Risk Assessment Management

Keg Handling

Handling of beer kegs may involve the lifting, putting down, pushing, pulling, carrying or moving of a load which involves risk of injury, which may result in damage to the joints or upper / lower limbs, back injuries or other serious injuries to you, your employees and / or visitors

Do you or your employees lift, push, pull, carry or move kegs of beer?

Indicate if the following controls have been implemented in your workplace.

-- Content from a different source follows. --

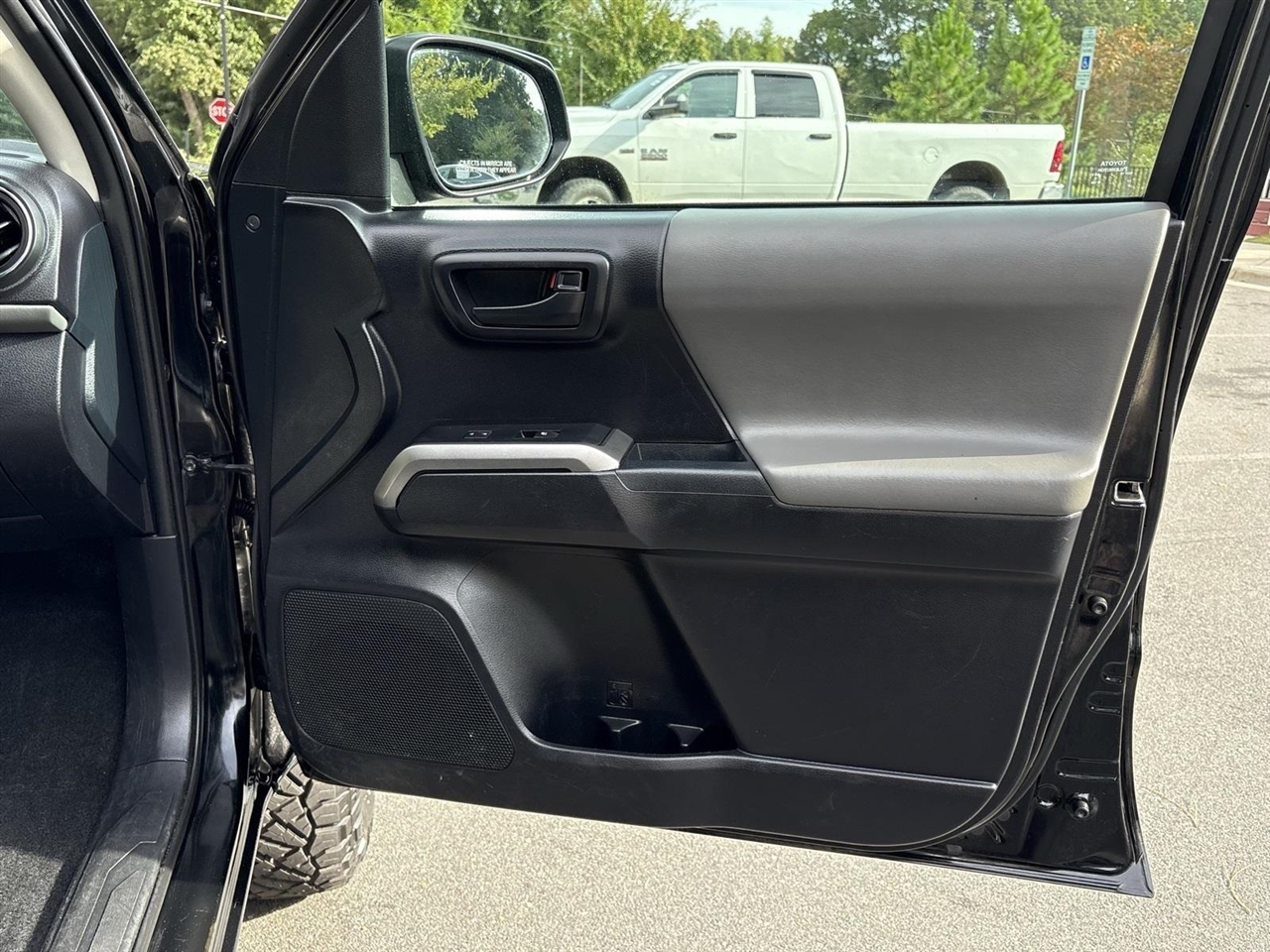 2019 Toyota Tacoma SR5 Double Cab Long Bed V6 4x4 photo 18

Each keg handling task, from delivery to storage area, then connection to delivery pipes and finally removal of empty kegs, is assessed and measures put in place where needed to avoid or reduce the risks

Risk Factors: Keg is too heavy or awkward or carried with arms outstretched, has to be stacked two high, carried too far or too often or involves bending and / or twisting, or there is inadequate space, uneven or slippery floor or steps

Task is organised to allow the use of mechanical aids to avoid the need for or reduce the manual handling of kegs

Maintain the equipment in good working order and make sure staff are trained in its correct use. The floor should be suitable for the safe use of a mechanical lifter. Lifting equipment must be examined every 12 months by a competent person. Keep records

Where cellar design or limited space means kegs have to be stacked two high then a mechanical lifting aid is used to avoid the manual lifting of full kegs

Under no circumstances should full kegs be manually lifted. Assess stacking arrangements outside the premises as well as inside. The lifting aid must be examined every 12 months by a competent person and records kept

Work is planned to prevent handling over long distances or frequent repetitions

Where multiple kegs have to be moved, it is good practice to rotate staff. Efforts could be made to reduce carry distances by changing the layout of a work area or by using handling aids such as a keg trolley

Bending, twisting and unstable postures are avoided

Organise the workplace: good housekeeping, clear routes, adequate space and suitable equipment can allow the safe handling / movement of kegs and prevent poor postures. Consider staff that are at particular risk e.g. pregnant employees or previous injury

Employees receive relevant manual handling training

Employees may still need to carry out some manual handling, e.g. rolling kegs, so they need to be trained by a manual handling instructor in a safe system of work including the use of keg trolleys and mechanical lifters and how to assess and move loads

Have you any additional controls or information you would like to add?